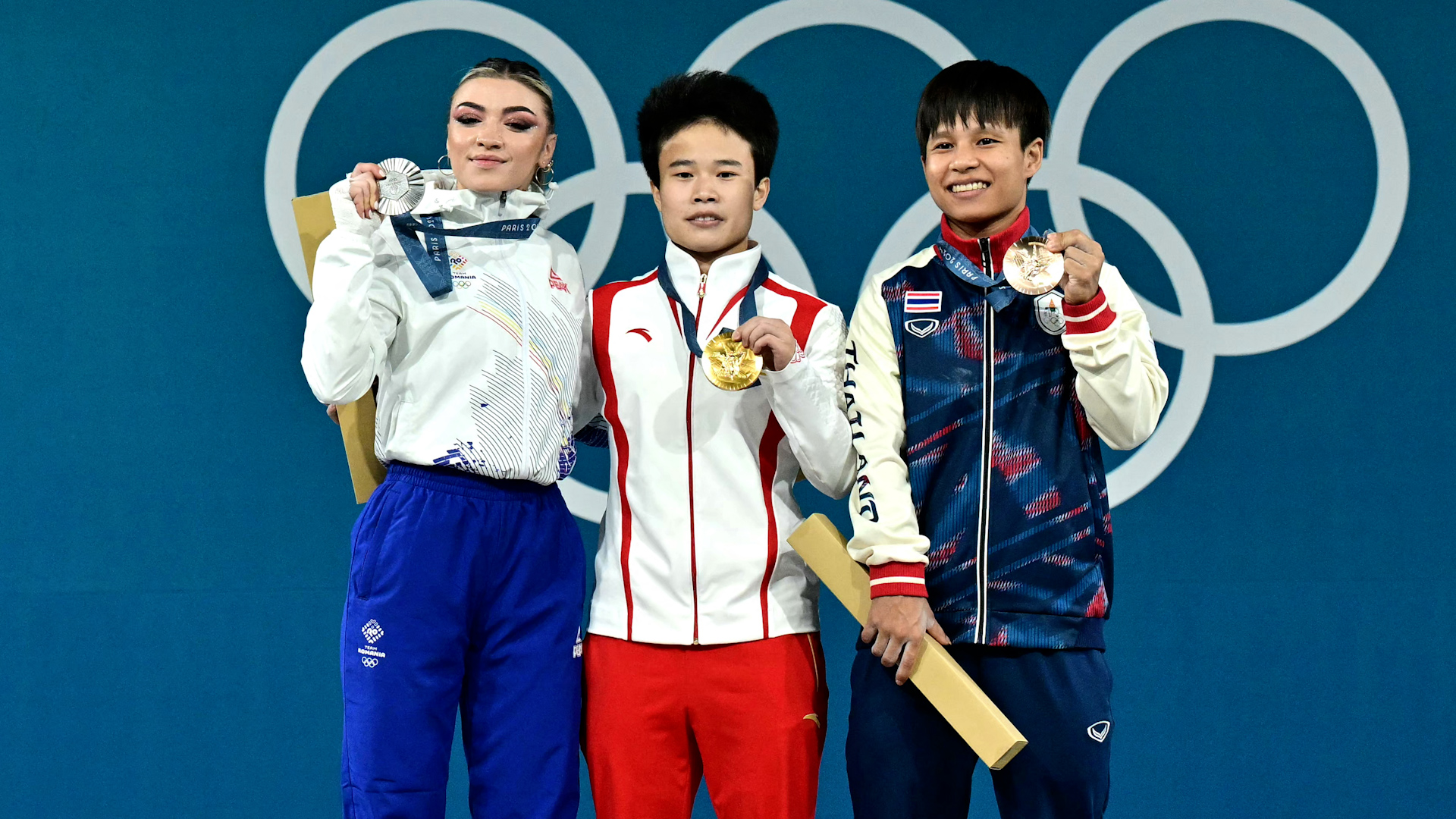 Team China sets Olympic records and wins historic gold on day 12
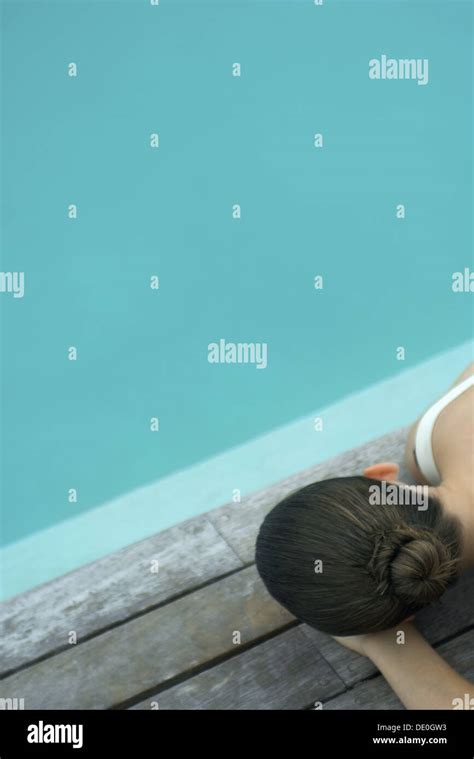 Woman Lying On Deck Next To Pool Stock Photo Alamy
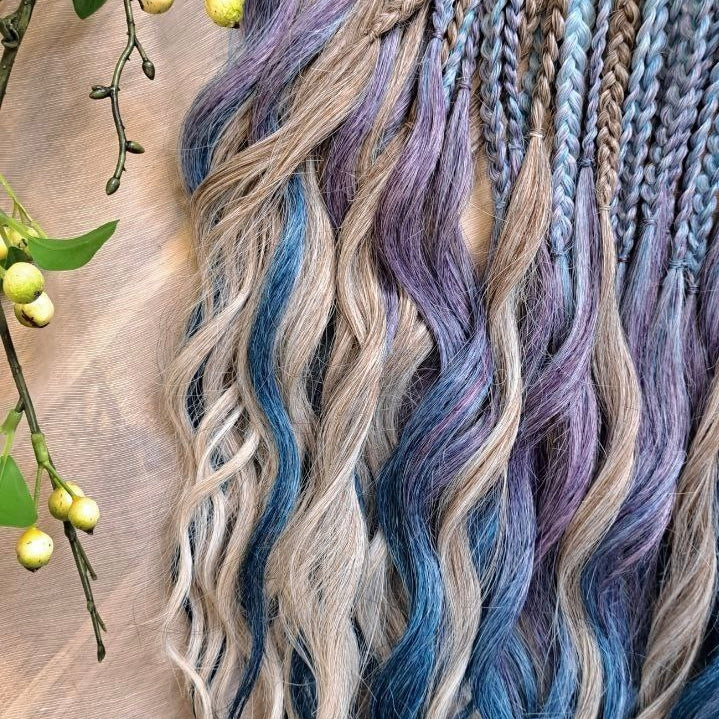 Soft, lightweight, and reusable double ended synthetic brushable curls. Ombre from ash to platinum blonde, and a cool transition from dusty blue into lavender and navy blue.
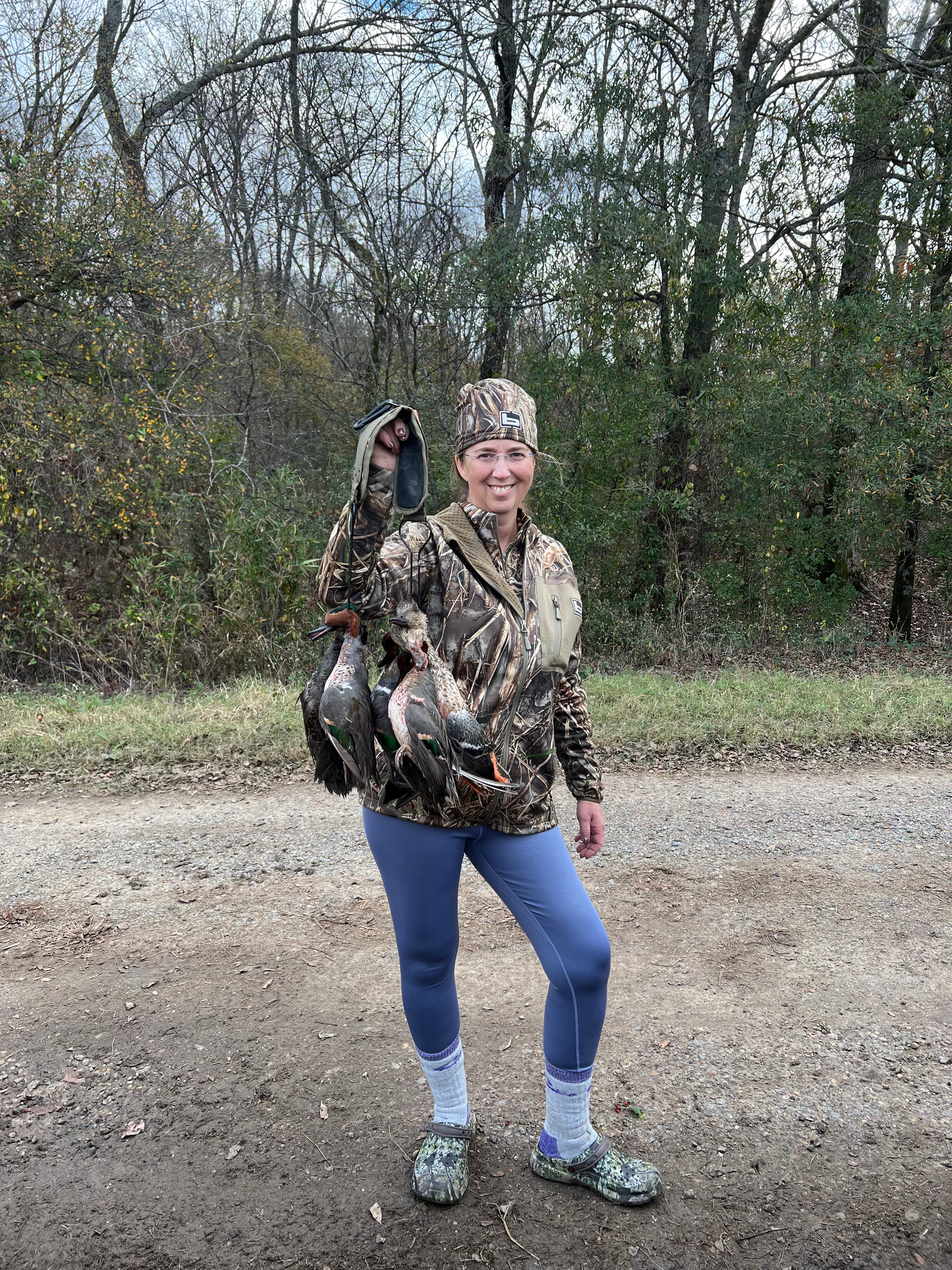 Person in camouflage holding a fish on a gravel road beside trees.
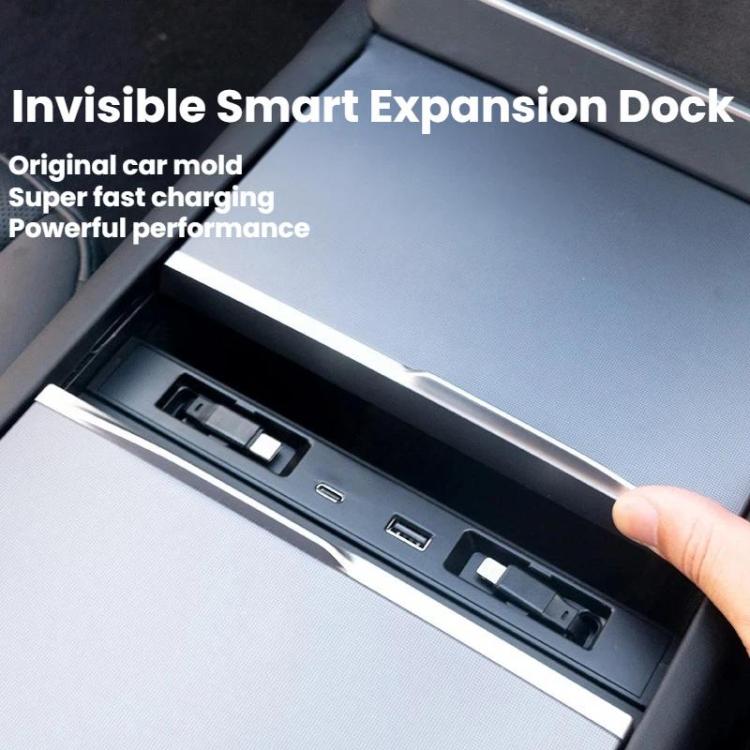 Black invisible smart charging dock with recessed port openings in console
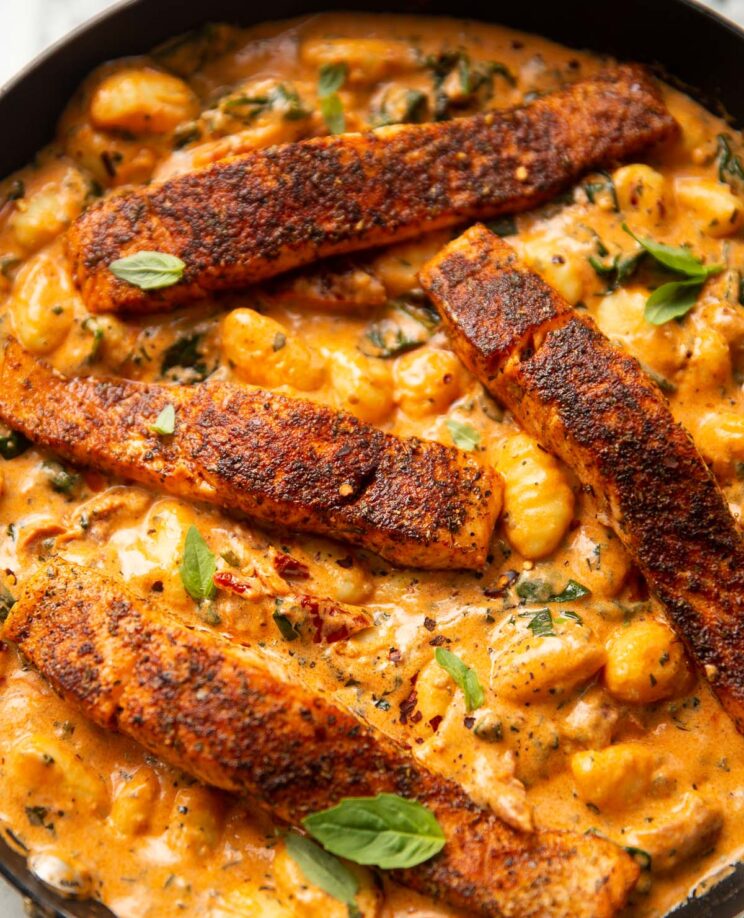 4 salmon fillets and gnocchi in large pan garnished with fresh basil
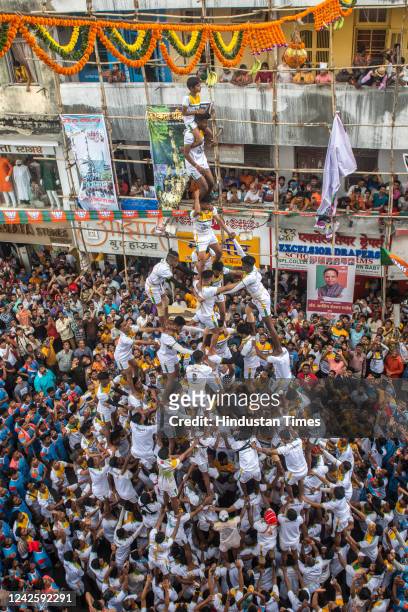 Govindas form a human pyramid to break the Dahi Handi on the occasion of Gokulashtami festival at Dadar on August 19, 2022 in Mumbai, India. The Dahi...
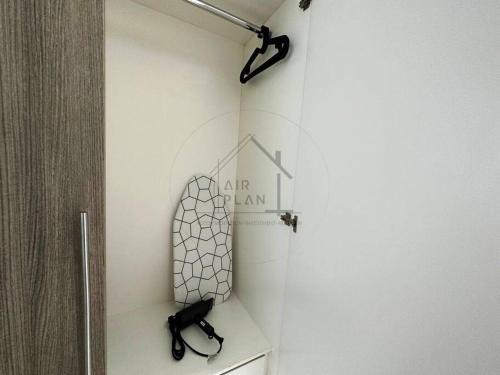 a room with a wall with a mirror and a shelf at PD D'Wharf Duplex 3BR - Full Seaview (Up To 12 Pax) in Port Dickson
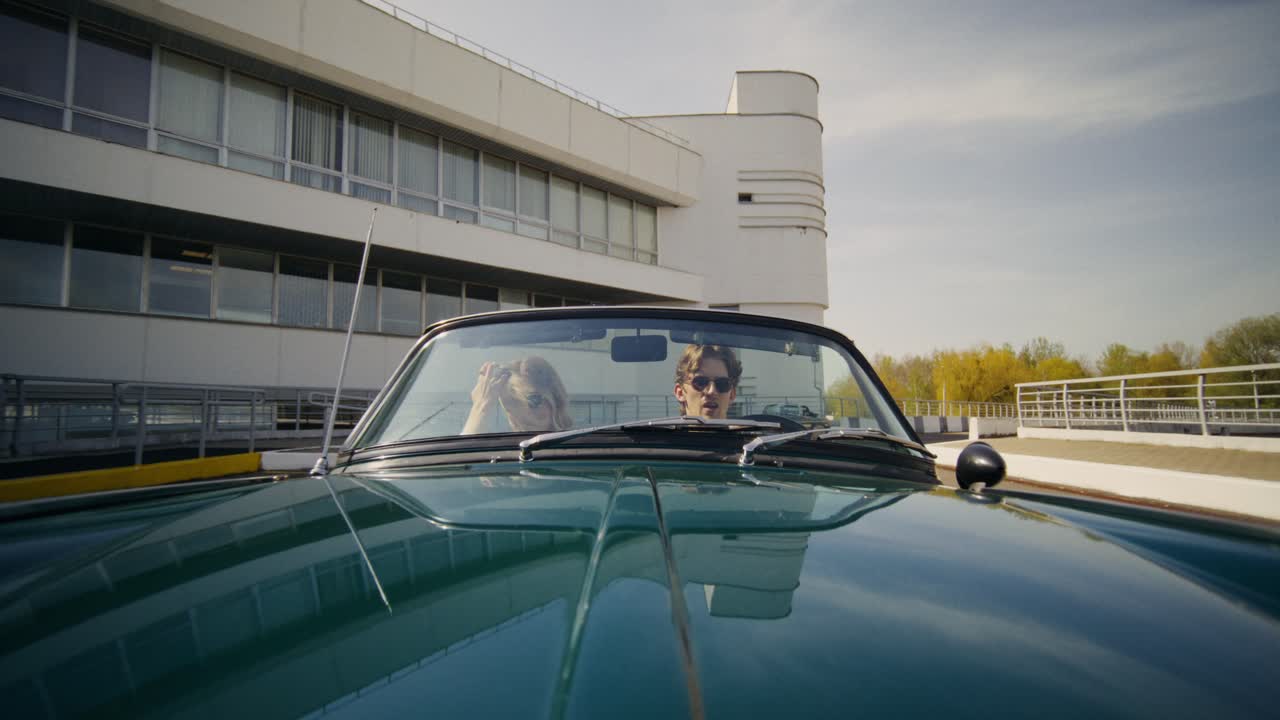 Vintage Convertible Car with People in front of Modern Architecture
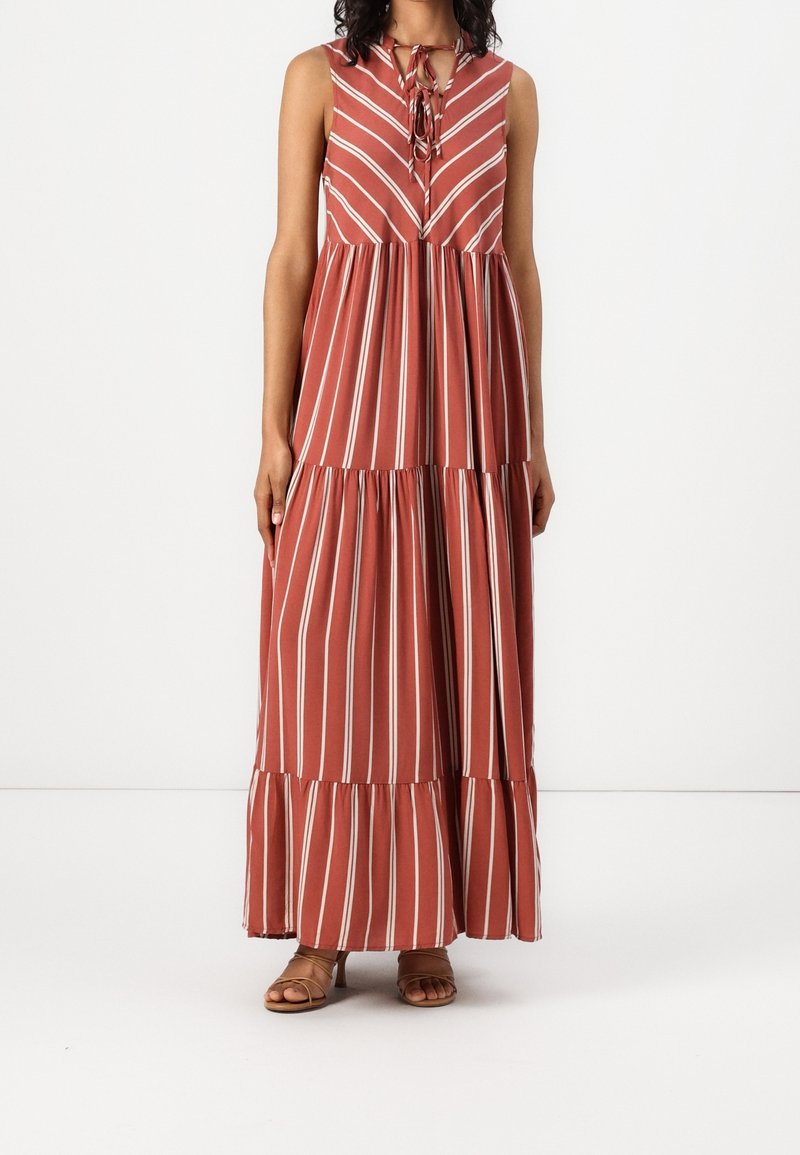 Robe maxi sans manches de couleur rouille avec des rayures verticales blanches, jupe à volants et col à nouer, portée avec des talons ouverts marron.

______________________________

• WORK REQUIRED: Output the data exactly, pictures omitted.

• ANSWER TO THIS PROBLEM:
 Team China sets Olympic records and wins historic gold on day 12
 Woman Lying On Deck Next To Pool Stock Photo Alamy
 Soft, lightweight, and reusable double ended synthetic brushable curls. Ombre from ash to platinum blonde, and a cool transition from dusty blue into lavender and navy blue.
 Person in camouflage holding a fish on a gravel road beside trees.
 Black invisible smart charging dock with recessed port openings in console
 4 salmon fillets and gnocchi in large pan garnished with fresh basil
 Govindas form a human pyramid to break the Dahi Handi on the occasion of Gokulashtami festival at Dadar on August 19, 2022 in Mumbai, India. The Dahi...
 a room with a wall with a mirror and a shelf at PD D'Wharf Duplex 3BR - Full Seaview (Up To 12 Pax) in Port Dickson
 Vintage Convertible Car with People in front of Modern Architecture
 Robe maxi sans manches de couleur rouille avec des rayures verticales blanches, jupe à volants et col à nouer, portée avec des talons ouverts marron.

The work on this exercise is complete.